Os textos desta página são cartas que M. escreve para um amigo que (acho) mora na Europa. Todos os dia de manhã, ela deposita um envelope embaixo da minha porta. Depois de encher as latas do condomínio de bolos de papel, desisti, e resolvi publicar algumas por aqui. Assim, quem sabe, podem algum dia atingir o seu destinatário... Renata Magdaleno

domingo, março 15, 2009

Dedos

Os dedos tocavam o teclado com delicadeza. Só dois. Os outros se armavam como se estivessem em alerta para alguma coisa, qualquer uma, talvez nenhuma, mas sempre alertas. Não procuravam letras, já sabiam o caminho e, além de delicados, eram ágeis, decididos. Nas mãos, unhas cuidadas, limpas, certas, provavelmente semanalmente lixadas. E as mesmas manchinhas cor de ferrugem que acompanhavam todo o corpo estavam ali também. Muito branca, uma pele que, em alguns pontos, dava a impressão de ser transparente, com o desenhos de veias azuis à mostra.

Agora, largavam o teclado e buscavam um livro, quer dizer, alguma coisa dentro de um livro. Viravam páginas com ansiedade e um dos dedos acompanhava linhas de letras, uma após outra. Foi uma operação que, pelo menos para mim, pareceu demorar horas. Dezenas de páginas viradas, talvez centenas, milhares (quem sabe?). Vi no momento exato em que acharam. Uma das mãos se encolheu sobre o papel, formando uma espécie de caracol com os dedos curvados, com dobrinhas gordas que desenhavam uma cara. Se mexesse a mão, a cara ganharia vida, falaria. Mas ele não deveria saber que aquela mão podia tanto.
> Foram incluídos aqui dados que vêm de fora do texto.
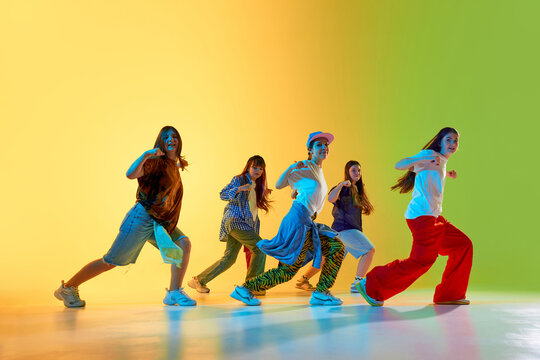 Youthful dancers showcase vibrant moves in a colorful urban setting, expressing creativity and energy. Concept of modern dance culture in city environments.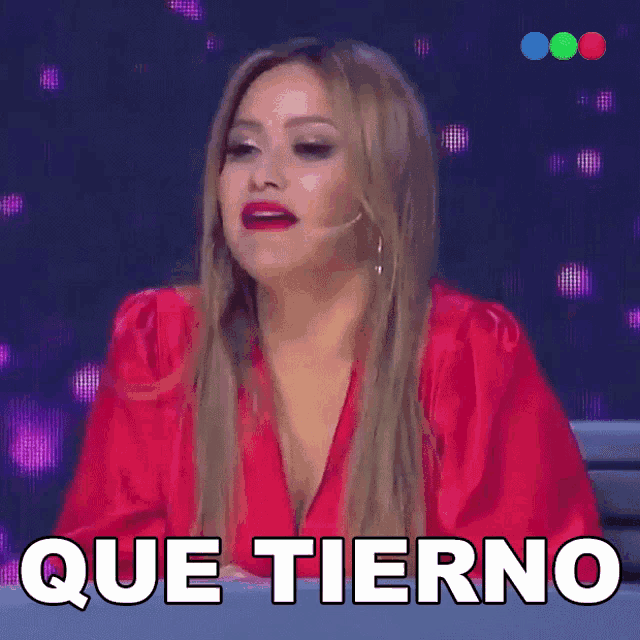 a woman in a red dress says que tierno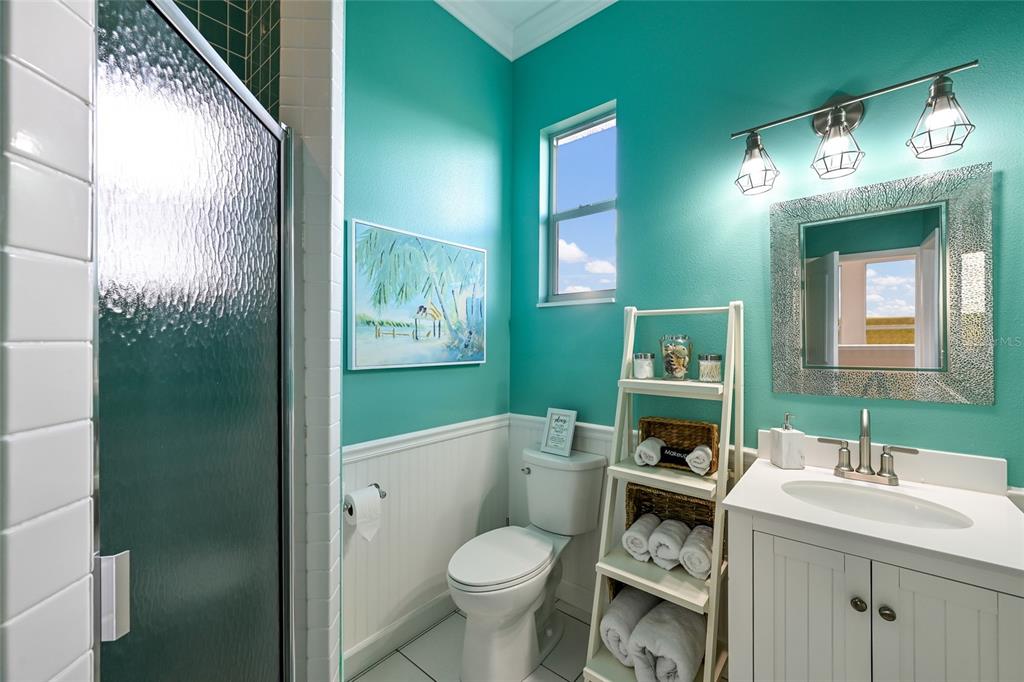 7325 Holly Road Terra Ceia, FL 34250 - Photo 44 of 87 a bathroom with a toilet sink and mirror
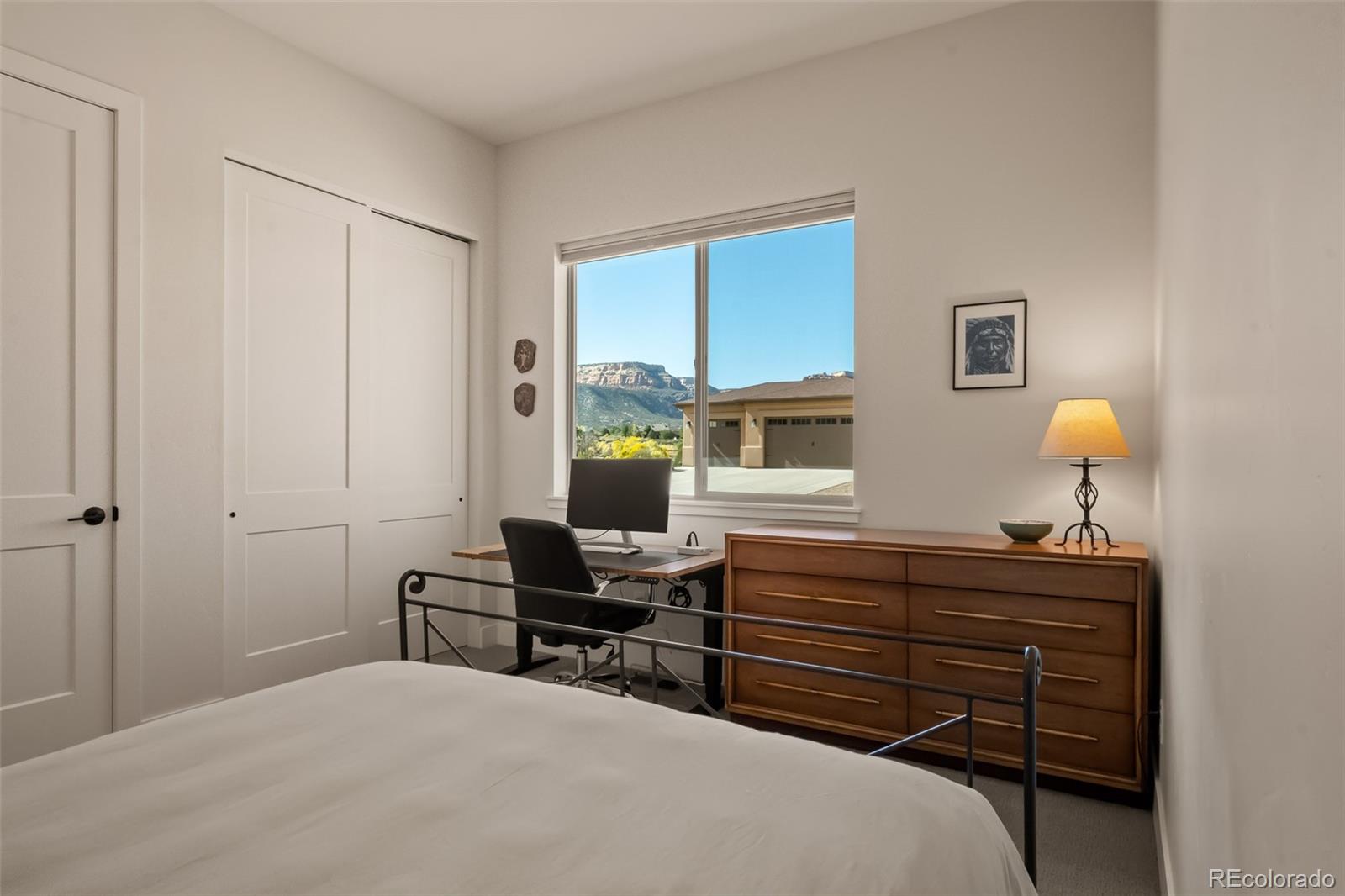 2287 Rock Valley Road Grand Junction, CO 81507 - Photo 21 of 32 a bedroom with a bed and a dresser in it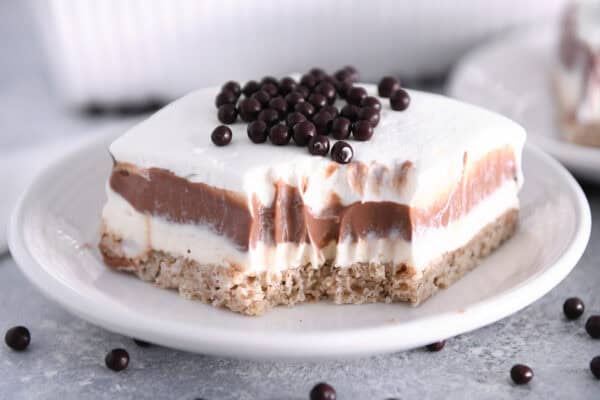 Take a bite from the chocolate pudding dessert on a white plate.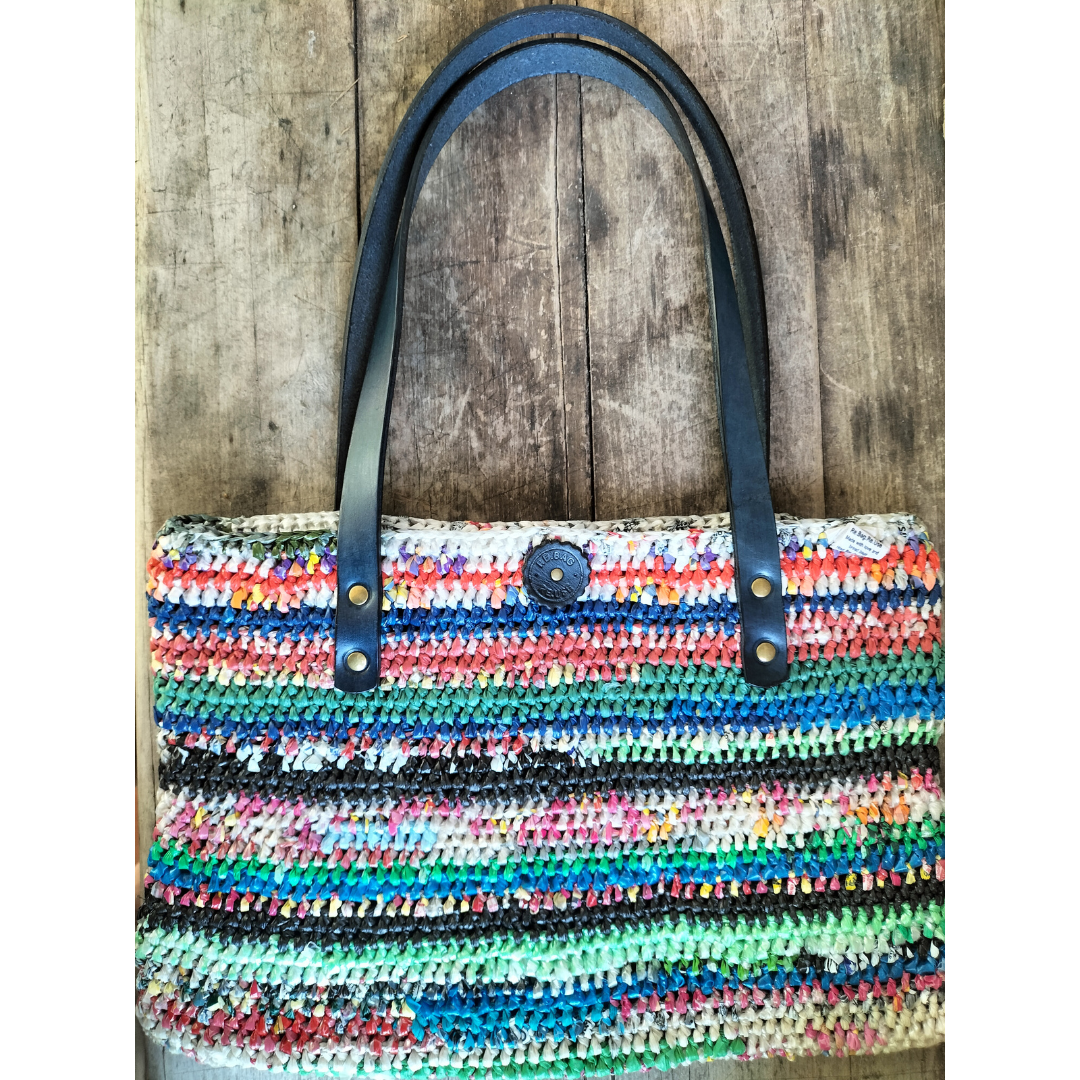 Multicoloured upcycled plastic handbag with navy blue leather handles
Meus olhos iam pelo meio, viam tudo num entrepálpebras. Mas ainda vi quando o livro se fechou e elas se deixaram apoiar por instantes na capa dura. Depois, sumiram do meu campo de visão, deixando um vazio naquela cena: computador, livro, estojo com canetas coloridas. Tudo abandonado numa mesa agora sem função. Reapareceram ao meu lado, acariciando meu braço. Até me abraçarem e ficarem aí paradas. Os dedos gordos, as sardas vermelhas, as unhas cuidadas. Podia dormir em paz. E nada mais tinha importância.